Since the launch of the Core 2 Duo line of processors in mid-2006, new workstations have been more about evolution than revolution, with solid incremental but uninspiring performance gains. This is no longer. Sporting a completely redesigned case and Intel’s new Nehalem processor the new Z800 knocks the socks off HP’s existing workstation line—especially for video editors and streaming producers. With hyper-threading technology enabled on the HP Z800, you get 16 cores on a dual-processor, quad-core Intel Nehalem system. Rhozet Carbon Coder got them all working, too.
Is “knocks the socks off” a bit too vague for you? Try this: In a real-world trial, I compressed a 90-minute HD-recorded ballet performance to DVD format. The previous performance champ in my office—a 3.3GHz dual-processor, quad-core system (64-bit Windows Vista, 16GB of RAM)—finished in two hours and two minutes. The Z800, equipped with two 3.2GHz quad-core Nehalem processors (64-bit Vista, 18GB of RAM), finished in 59 minutes and 30 seconds—more than 50 percent faster.
Before you jump over to hp.com to place your order, you should know that your mileage will definitely vary, not only by application but even by project type within the same application. To understand why, we need to take a quick look at Nehalem.
Chances are that you don’t lie awake at night thinking about how to make faster CPUs, but if you did, you would probably figure out that there are two main approaches: You can make the CPU itself faster, which is a rising tide that lifts all boats in the harbor. Or you can improve the data flow to the processor, which primarily speeds applications that were previously bottlenecked because the CPU sat idle while waiting for data to arrive for processing.
For example, a 100K data set in a 3D design program such as Autodesk 3ds Max can necessitate hours of rendering time. However, the problem there isn’t getting the data to the CPU, so enhancing the bandwidth to and from the CPU will produce only a marginal benefit. On the other hand, in a video-editing application that throws gigabytes per second at the CPU, improving data throughput can deliver profound speed improvements.

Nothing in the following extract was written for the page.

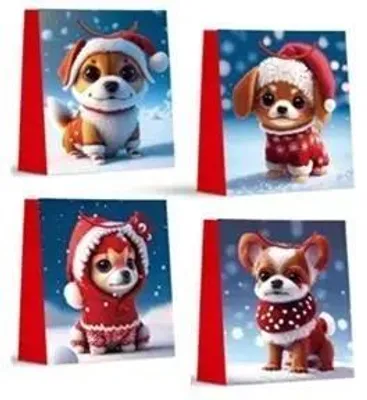 Produktbild von Geschenktüten für die Weihnachtszeit – Marke M & W&K – Geschenktüten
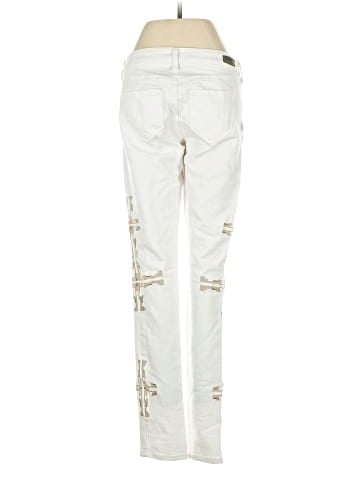 Gray Saks Fifth Avenue Casual Pants (view 2)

On what did Intel focus with Nehalem? Intel primarily focused on the latter category, for which the new chip delivers several new innovations to the Intel processor line, most notably an integrated memory controller (IMC) and QuickPath Interconnect (QPI). If you follow CPUs closely, you’ll remember that AMD debuted an IMC several generations ago. Intel has improved on AMD’s 2-channel design with a triple-channel memory controller that should deliver significantly higher bandwidth to and from the CPU than AMD does. The other major bandwidth-related innovation, QPI, is a much faster replacement for the front-side bus that transmits data directly from CPU to CPU and from CPU to the chipset that integrates the CPU with other system components.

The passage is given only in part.